Any failure to successfully integrate the Celgar mill with our business may adversely affect our results of operations.

     Our future performance will depend in part on whether we can integrate the recently acquired Celgar mill with our operations in an effective and efficient manner. The Acquisition is larger than any of the other acquisitions we have made. Integrating the Celgar mill with our operations will be a complex, time consuming and potentially expensive process and will be subject to various risks including:

  •   diversion of management’s attention from our ongoing business;
 
  •   the expense of upgrading the Celgar mill to enhance its operations may be more significant than currently anticipated;
 
  •   difficulty integrating the operations, including financial and accounting functions, sales and marketing procedures, technology and other corporate administrative functions of the combined operations;
 
  •   difficulty in establishing financial controls and procedures consistent with our own;
 
  •   difficulty in converting the Celgar mill’s current business information systems to our system;
 
  •   difficulty maintaining relationships with present and potential customers, distributors and suppliers of the Celgar mill due to uncertainties regarding service, production quality and prices; and
 
  •   problems retaining key employees who were previously employed by Celgar.

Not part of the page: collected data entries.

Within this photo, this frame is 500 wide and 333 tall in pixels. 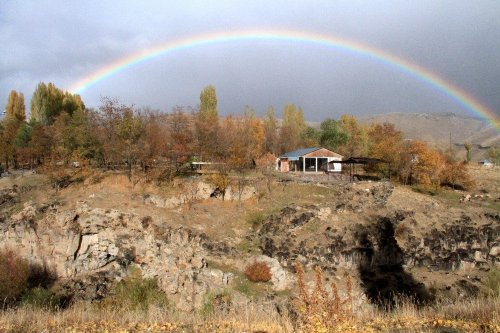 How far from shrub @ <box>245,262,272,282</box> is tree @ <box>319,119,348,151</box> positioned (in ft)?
159

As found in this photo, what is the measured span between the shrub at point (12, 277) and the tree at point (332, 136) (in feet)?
190

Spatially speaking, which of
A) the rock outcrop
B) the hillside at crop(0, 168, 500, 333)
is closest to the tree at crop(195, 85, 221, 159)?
the hillside at crop(0, 168, 500, 333)

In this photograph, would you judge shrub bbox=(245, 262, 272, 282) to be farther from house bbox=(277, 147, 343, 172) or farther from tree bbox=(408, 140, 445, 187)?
tree bbox=(408, 140, 445, 187)

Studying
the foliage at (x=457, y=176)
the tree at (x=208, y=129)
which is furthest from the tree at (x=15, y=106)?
the foliage at (x=457, y=176)

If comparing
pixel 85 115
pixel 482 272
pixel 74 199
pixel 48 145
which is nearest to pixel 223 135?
pixel 85 115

     All of the pulp produced by the Celgar mill is currently sold by third party agents. We intend to perform some of its sales functions directly over time. We cannot assure you that our internal sales staff and third party agents will be able to sell the combined pulp production of our Rosenthal, Stendal and Celgar mills on terms as favorable as those achieved by such agents previously.

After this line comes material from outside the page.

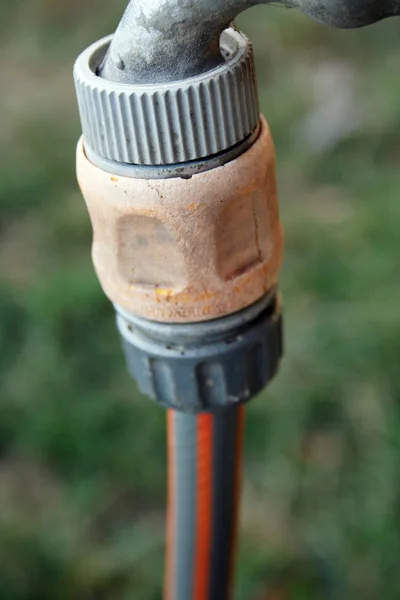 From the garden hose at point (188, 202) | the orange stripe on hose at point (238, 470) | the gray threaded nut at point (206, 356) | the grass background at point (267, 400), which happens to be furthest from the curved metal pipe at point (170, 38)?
the grass background at point (267, 400)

     We estimate that we will incur significant costs associated with the assimilation of the Celgar mill with our operations. The actual costs may substantially exceed our estimates and unanticipated expenses associated with such integration may arise. Furthermore, we may not be aware of all of the risks associated with the Acquisition and we may not have identified adverse information concerning the assets we have acquired. If the benefits of the Acquisition do not exceed the costs, our financial results will be adversely affected.

     We cannot guarantee that we will successfully integrate the Celgar mill with our operations. If we are unable to address any of these risks, our results of operations and financial condition could be materially adversely affected and the operations of the Celgar mill may not achieve the results or otherwise perform as expected.

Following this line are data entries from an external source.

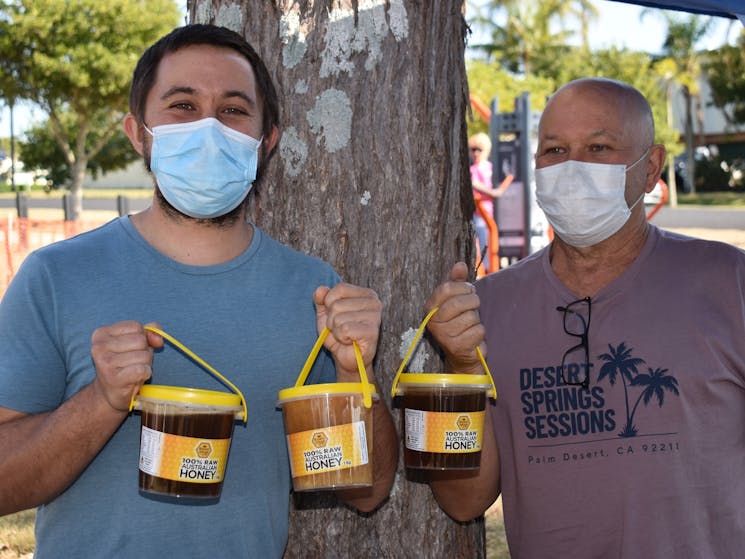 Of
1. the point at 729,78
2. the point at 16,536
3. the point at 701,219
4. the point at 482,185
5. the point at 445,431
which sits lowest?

We have only limited recourse under the acquisition agreement for losses relating to the Acquisition.

     The diligence conducted in connection with the Acquisition and the indemnification provided in the acquisition agreement may not be sufficient to protect us from, or compensate us for, all losses resulting from the Acquisition. Subject to certain exceptions, the maximum amount we may claim is limited to $30.0 million ($20.0 million in the case of environmental losses). Subject to certain exceptions, the vendor is only liable for misrepresentations or breaches of warranty for 15 months from the closing date of the Acquisition (12 months in the case of environmental losses). A material loss associated with the Acquisition for which there is no adequate remedy under the acquisition agreement that becomes known 15 months after the Acquisition (12 months in the case of environmental losses) could materially adversely affect our results of operations and financial condition and reduce the anticipated benefits of the Acquisition.

9


 

We may not be able to enhance the operating performance and financial results or lower the costs of the Celgar mill as planned.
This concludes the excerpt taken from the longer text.